“I just want the media to call us a sport and not a ‘women’s sport’. There are more people playing netball in this country than AFL or rugby league or union– I mean what else do we have to do to be taken seriously?
“I never called AFL or NRL ‘men’s footy’ despite the fact those codes were closed off to women for the last century.
“We have one of the biggest grassroots bases of any sport and are truly national with huge numbers in every state. Yet still we are treated as a poor relation. If we don’t call this out more regularly nothing will ever change.”
Briony Akle – NSW Swifts Coach on her hopes for International Women’s Day
International Women’s Day has a far richer history than most people realise. It’s humble beginnings started over one hundred years ago, when at the turn of the century there was worldwide unrest and debate over women’s rights. In 1908, over 15 000 people marched on New York City demanding shorter hours, better pay and voting rights for women.
A conference for working women held in Copenhagen, 1910, was attended by over 100 delegates from 17 countries. One of their proposals was to hold an annual event celebrating their cause. And so in 1911 International Women’s Day was born, settling on the permanent date of March two years later.
It took a while for the suit and tie brigade to catch on, with official recognition from the United Nations deferred until 1975, some 64 years later.
However, it wasn’t until the new millennium that International Women’s Day was celebrated on the scale seen today. In numerous countries around the world, March 8th is marked with a public holiday, while most nations have a series of events, rallies, conferences and fundraisers.
For many, female athletes epitomise what International Women’s Day celebrates – their resilience, work ethic, and drive to push the boundaries of achievement.
Indeed, the official International Women’s Day website recognises the crucial role that sport has to play in society, stating, “Sport primes women and girls to lead, not solely on the track or field, but in every aspect of life.”
Sport transcends boundaries, borders, politics, Covid and uncertain times. Its athletes inspire, unite us, and allow us to dream.
And so to celebrate, in a two part series Netball Scoop reached out to people from around the globe to ask them about International Women’s Day.
Who inspires you?
Keeley Devery at Channel 9 – she’s been working in rugby for twenty years, leading a male sport. She’s come across to netball, and she drives that space. I really admire what she’s done, in the broadcast space.
Kelly Underwood, as a commentator. I look back at the very first time she had to commentate an AFL game, and she was with Channel Ten. She was told that was what she was going to do, it wasn’t a choice, they wanted her in that space. It was unbelievable leadership from Dave Barham, who was Head of Sport at the time. Kel was thrown into the deep end, and she copped a massive amount of abuse, but I look at the strength and backbone that she had, and now she’s commentating on a regular basis on the radio, the male dominated sports. She’s led the way, and she’s always an advocate for females in commentary, and it’s not an easy industry to be in.
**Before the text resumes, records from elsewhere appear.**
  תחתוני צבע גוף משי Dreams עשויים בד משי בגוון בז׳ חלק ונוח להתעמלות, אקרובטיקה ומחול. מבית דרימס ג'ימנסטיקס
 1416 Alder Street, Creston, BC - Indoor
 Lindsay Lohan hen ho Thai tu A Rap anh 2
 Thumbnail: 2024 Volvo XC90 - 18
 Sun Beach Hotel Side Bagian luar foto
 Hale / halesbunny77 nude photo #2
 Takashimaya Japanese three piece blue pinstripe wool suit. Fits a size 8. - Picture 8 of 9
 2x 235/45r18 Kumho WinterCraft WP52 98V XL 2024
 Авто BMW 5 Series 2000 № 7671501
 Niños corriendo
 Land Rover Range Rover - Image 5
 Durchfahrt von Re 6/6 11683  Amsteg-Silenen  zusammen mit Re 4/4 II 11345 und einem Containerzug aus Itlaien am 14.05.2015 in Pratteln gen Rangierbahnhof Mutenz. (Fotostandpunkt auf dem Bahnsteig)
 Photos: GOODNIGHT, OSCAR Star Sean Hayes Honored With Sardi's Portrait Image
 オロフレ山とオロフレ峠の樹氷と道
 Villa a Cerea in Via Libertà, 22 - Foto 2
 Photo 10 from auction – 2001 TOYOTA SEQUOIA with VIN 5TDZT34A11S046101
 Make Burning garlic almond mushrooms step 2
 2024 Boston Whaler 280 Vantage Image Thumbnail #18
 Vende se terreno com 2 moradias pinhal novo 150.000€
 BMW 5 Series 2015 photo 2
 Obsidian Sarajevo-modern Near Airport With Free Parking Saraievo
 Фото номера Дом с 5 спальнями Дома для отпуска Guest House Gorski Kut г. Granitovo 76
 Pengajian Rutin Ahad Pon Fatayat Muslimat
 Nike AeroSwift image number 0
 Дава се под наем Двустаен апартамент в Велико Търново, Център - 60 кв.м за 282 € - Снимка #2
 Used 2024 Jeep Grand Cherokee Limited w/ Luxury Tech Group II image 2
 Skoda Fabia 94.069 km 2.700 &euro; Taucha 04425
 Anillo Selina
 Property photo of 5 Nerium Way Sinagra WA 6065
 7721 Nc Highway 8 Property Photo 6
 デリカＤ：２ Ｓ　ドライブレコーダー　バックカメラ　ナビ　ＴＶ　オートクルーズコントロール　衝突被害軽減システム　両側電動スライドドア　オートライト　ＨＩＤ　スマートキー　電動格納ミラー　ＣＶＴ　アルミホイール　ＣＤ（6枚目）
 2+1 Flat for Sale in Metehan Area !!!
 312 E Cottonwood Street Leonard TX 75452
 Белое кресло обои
Stacey Marinkovich is another one. If being an elite coach wasn’t already difficult enough, then suddenly she takes on a dual role as the Australian Diamonds’ coach, and has to manage the Covid environment, even just getting the team across to the Constellation Cup. And doing that with a young child on her hip – it’s almost impossible that’s she’s managing all that, and yet she is doing that, putting systems around her that she trusts, making sure things are happening either at Diamonds or at Fever.
Sue Gaudion – West Coast Fever General Manager of Pathways & Performance/Channel 9 commentator
I am a huge admirer of Ruth Bader Ginsburg – her grace and intellect, and her relentless persistence in fighting for rights that have really transformed the lives of women. But closer to home, I am surrounded by inspirational women … as part of my blood family, my work family, my netball family … women who are determined to make a difference where they are, with what they have.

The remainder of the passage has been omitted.